» **About this task**: Copy word for word, please, the lines of the entries below running from the one containing "Penjualan Turun, CEO Crocs Mundur April 2014" to the one containing "New 2026 Chevrolet", both ends included.

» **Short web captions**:
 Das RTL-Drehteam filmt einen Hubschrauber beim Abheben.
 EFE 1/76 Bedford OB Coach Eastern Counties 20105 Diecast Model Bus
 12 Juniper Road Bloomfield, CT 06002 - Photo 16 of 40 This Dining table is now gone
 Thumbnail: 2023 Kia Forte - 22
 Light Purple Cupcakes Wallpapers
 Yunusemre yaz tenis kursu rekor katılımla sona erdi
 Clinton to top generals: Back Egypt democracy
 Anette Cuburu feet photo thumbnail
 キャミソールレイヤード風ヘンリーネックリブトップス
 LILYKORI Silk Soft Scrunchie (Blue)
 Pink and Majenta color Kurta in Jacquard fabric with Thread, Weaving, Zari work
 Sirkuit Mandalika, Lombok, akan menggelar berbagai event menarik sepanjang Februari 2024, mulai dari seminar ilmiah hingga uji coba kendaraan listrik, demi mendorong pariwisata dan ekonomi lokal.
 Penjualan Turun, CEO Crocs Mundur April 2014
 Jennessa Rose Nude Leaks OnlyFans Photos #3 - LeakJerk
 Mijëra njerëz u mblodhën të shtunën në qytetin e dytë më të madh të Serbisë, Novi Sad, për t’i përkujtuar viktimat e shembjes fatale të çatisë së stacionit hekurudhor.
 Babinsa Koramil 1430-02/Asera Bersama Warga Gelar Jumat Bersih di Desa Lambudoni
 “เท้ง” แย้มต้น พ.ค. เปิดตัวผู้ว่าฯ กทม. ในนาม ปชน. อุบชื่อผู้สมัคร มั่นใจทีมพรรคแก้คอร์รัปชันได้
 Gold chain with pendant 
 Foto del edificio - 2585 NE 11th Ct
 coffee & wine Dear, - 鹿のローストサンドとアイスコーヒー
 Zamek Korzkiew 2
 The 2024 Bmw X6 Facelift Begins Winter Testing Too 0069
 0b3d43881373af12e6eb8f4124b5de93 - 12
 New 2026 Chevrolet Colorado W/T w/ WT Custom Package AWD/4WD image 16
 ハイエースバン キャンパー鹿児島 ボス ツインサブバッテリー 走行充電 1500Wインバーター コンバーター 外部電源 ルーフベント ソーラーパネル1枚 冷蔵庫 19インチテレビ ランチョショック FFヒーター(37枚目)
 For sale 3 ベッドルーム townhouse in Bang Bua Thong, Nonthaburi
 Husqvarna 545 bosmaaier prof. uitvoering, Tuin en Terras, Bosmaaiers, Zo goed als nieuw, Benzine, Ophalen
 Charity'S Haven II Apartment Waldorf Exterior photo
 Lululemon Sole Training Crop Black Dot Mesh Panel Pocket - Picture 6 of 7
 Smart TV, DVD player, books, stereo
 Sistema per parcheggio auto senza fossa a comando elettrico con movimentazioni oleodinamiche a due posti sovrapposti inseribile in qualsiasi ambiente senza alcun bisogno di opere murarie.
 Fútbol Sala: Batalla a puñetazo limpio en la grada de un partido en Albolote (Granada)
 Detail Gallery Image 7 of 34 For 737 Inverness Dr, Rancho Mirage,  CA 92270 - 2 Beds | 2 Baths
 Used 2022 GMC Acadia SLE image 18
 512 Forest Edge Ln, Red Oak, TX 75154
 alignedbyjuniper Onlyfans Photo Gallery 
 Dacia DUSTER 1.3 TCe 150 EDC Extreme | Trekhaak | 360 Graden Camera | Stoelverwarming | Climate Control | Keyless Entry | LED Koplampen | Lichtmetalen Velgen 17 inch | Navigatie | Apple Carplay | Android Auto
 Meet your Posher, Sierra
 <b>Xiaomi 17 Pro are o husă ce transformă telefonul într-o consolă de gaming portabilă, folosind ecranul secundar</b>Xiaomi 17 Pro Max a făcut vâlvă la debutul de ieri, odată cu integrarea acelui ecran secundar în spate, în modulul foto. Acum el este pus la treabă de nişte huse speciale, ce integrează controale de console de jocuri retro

» **Your solution**:
 Penjualan Turun, CEO Crocs Mundur April 2014
 Jennessa Rose Nude Leaks OnlyFans Photos #3 - LeakJerk
 Mijëra njerëz u mblodhën të shtunën në qytetin e dytë më të madh të Serbisë, Novi Sad, për t’i përkujtuar viktimat e shembjes fatale të çatisë së stacionit hekurudhor.
 Babinsa Koramil 1430-02/Asera Bersama Warga Gelar Jumat Bersih di Desa Lambudoni
 “เท้ง” แย้มต้น พ.ค. เปิดตัวผู้ว่าฯ กทม. ในนาม ปชน. อุบชื่อผู้สมัคร มั่นใจทีมพรรคแก้คอร์รัปชันได้
 Gold chain with pendant 
 Foto del edificio - 2585 NE 11th Ct
 coffee & wine Dear, - 鹿のローストサンドとアイスコーヒー
 Zamek Korzkiew 2
 The 2024 Bmw X6 Facelift Begins Winter Testing Too 0069
 0b3d43881373af12e6eb8f4124b5de93 - 12
 New 2026 Chevrolet Colorado W/T w/ WT Custom Package AWD/4WD image 16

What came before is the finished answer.